BOOK & BLOG
January 13, 2008
Books of the Week: DEAD TO ME by Anton Strout, WINTERBIRTH by Brian Ruckley, HOLE IN ONE by Catherine Aird
My first B&B of the new year! I know my last one wasn’t on the website until 2008, due to our continuing problems with the changeover, but I wrote it in 2007.
I started my 2008 reading life in a happy way with an ARC of DEAD TO ME, the first novel by Anton Strout. DEAD TO ME will be on the bookshelves in late February. Though it has a few “first book” aches and pains, DTM is a jaunty adventure about a psychometrist, Simon Canderous. Simon can sense clues about the owners of an item by holding it. He’s had a past as a petty criminal, but now he’s ranged himself with the forces of good, and he gets lots of on-the-job training. I blurbed this book; it’s a fun read, and I look forward to watching Strout and Simon as they gain confidence in their new jobs.

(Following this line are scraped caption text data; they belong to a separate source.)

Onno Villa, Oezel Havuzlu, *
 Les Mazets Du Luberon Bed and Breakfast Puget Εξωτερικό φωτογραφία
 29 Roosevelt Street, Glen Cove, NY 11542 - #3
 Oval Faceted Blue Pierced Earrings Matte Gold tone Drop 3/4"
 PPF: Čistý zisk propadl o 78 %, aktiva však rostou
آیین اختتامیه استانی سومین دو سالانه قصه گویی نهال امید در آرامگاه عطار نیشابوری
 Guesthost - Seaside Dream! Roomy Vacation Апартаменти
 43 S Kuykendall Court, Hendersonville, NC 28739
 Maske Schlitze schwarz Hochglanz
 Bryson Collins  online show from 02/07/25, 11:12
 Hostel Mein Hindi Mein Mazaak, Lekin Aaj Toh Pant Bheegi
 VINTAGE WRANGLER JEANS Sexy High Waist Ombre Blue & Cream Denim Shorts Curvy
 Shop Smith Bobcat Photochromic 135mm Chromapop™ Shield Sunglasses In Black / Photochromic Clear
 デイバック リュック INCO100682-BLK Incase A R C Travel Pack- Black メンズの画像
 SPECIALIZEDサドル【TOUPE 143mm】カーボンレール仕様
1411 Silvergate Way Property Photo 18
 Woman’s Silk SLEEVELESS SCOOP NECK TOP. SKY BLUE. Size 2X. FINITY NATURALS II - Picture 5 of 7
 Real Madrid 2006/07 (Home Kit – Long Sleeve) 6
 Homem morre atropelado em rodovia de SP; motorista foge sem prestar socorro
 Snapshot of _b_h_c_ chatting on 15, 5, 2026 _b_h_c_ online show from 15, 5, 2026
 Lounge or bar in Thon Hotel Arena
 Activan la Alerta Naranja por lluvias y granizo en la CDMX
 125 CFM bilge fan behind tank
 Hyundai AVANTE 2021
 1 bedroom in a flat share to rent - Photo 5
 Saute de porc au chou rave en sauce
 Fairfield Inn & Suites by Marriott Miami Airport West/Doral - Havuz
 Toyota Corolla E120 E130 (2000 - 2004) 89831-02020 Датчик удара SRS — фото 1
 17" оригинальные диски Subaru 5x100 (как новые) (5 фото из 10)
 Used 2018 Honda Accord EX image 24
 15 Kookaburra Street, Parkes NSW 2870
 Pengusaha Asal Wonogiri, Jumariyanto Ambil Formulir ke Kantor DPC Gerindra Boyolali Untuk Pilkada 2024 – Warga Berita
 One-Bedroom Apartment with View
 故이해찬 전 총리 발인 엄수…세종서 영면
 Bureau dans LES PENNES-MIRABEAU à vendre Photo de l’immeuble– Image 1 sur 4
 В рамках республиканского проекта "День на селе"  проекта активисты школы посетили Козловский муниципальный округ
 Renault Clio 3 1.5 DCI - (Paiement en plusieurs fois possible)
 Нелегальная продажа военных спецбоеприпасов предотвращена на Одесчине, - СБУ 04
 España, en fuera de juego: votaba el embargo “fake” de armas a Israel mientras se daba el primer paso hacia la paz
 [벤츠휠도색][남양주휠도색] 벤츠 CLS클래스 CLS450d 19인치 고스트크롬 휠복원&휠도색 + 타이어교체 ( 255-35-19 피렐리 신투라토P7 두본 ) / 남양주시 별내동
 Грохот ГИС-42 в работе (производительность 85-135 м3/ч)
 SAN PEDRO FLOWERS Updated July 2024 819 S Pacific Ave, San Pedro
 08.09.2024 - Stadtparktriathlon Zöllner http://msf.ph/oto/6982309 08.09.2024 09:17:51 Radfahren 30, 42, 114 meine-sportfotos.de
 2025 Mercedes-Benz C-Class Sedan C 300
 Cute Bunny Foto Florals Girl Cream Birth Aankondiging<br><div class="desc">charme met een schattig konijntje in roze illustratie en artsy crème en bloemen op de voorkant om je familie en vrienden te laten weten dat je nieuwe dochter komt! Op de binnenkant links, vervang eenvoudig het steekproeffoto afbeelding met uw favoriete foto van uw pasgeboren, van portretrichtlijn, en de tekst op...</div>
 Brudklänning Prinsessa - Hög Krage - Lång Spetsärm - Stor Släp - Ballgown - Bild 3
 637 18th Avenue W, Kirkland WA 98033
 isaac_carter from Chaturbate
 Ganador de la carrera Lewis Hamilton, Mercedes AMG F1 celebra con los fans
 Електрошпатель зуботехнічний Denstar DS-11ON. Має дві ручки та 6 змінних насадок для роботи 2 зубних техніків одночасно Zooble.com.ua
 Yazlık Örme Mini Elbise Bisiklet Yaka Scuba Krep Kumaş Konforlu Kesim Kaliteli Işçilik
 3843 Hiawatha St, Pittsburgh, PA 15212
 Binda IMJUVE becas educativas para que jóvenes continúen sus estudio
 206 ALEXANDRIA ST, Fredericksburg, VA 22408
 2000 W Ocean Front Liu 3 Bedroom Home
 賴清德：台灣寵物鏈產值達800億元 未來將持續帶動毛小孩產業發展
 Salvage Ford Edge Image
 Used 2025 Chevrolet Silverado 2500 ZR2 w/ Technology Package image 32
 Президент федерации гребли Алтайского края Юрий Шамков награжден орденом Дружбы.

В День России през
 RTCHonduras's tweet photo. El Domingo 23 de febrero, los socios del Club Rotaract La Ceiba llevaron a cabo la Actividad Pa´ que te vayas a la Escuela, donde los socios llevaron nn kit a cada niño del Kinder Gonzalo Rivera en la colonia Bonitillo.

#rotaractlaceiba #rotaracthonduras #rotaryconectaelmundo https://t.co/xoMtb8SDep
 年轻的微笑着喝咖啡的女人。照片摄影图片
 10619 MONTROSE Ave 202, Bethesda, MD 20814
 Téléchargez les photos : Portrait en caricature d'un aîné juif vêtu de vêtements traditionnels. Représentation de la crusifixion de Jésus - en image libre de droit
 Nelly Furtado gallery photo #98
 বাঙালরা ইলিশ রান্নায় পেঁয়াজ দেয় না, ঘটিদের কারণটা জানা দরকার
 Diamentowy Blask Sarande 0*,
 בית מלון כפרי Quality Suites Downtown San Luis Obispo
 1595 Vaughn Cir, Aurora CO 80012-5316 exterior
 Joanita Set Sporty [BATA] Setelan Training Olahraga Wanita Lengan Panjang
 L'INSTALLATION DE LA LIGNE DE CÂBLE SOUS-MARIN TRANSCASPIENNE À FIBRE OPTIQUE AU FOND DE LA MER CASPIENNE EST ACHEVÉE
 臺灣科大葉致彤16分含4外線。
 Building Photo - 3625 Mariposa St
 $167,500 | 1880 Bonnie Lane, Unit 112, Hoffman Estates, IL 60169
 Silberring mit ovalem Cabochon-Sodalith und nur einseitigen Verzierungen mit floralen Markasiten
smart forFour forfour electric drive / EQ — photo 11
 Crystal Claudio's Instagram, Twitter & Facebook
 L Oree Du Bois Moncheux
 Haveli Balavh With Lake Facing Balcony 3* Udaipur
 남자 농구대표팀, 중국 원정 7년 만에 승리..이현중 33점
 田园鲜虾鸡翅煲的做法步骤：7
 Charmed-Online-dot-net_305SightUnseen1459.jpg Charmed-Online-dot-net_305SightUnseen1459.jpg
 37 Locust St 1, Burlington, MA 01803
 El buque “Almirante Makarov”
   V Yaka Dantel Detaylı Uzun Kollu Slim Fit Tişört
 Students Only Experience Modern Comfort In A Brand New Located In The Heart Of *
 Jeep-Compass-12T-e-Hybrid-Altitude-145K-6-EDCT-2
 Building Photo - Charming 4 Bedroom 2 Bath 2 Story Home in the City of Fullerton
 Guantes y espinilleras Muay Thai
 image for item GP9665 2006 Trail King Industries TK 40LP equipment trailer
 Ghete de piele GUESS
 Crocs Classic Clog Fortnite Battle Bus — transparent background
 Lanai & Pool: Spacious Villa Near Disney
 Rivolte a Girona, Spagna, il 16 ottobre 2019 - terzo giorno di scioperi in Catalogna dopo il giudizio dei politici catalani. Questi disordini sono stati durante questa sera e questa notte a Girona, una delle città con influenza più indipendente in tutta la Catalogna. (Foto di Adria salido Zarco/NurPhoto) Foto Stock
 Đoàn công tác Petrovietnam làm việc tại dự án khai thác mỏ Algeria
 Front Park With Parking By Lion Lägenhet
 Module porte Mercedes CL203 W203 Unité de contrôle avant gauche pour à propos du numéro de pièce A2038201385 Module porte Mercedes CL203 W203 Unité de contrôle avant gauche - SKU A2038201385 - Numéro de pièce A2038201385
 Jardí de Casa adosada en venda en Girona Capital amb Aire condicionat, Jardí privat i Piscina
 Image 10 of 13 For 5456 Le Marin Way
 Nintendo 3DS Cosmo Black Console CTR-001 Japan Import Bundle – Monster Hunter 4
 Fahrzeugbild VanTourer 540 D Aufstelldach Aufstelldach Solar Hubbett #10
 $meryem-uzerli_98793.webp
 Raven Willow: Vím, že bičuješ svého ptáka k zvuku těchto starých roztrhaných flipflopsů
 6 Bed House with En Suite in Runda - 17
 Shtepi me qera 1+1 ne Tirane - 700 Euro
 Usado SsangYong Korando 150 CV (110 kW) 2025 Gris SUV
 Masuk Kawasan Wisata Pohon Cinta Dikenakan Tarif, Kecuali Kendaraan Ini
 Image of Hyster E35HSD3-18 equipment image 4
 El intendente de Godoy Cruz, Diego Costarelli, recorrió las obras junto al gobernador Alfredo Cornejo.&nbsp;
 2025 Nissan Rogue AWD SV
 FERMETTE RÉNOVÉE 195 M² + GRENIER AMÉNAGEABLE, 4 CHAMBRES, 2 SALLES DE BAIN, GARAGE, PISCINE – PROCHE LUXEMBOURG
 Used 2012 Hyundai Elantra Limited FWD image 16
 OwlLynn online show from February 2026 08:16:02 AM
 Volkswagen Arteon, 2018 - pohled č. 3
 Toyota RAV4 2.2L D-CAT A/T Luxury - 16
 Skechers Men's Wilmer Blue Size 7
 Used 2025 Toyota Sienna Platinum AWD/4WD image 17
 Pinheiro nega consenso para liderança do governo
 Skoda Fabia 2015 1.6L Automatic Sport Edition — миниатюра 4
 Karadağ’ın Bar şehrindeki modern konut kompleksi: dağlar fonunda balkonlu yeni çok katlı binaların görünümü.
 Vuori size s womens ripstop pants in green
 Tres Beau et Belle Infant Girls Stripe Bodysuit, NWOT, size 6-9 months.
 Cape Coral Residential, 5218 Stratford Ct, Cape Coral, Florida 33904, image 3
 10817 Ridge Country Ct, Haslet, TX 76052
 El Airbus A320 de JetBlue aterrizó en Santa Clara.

Right now I’m in the middle of WINTERBIRTH (Brian Ruckley). On the spine it says, “The Godless World, Book One,” and when I checked on Amazon I saw that the second book, BLOODHEIR, will be out next June. It may take me until then to finish the first book, because believe me, it’s long. But you fantasy readers need to saddle up, because WINTERBIRTH is very good, and Ruckley achieves the almost impossible task of establishing the characters so well that it’s not too difficult to keep them separate. Given the scope of the book, that’s amazing. This is a book with little or no tinge of romance; it’s classic fantasy.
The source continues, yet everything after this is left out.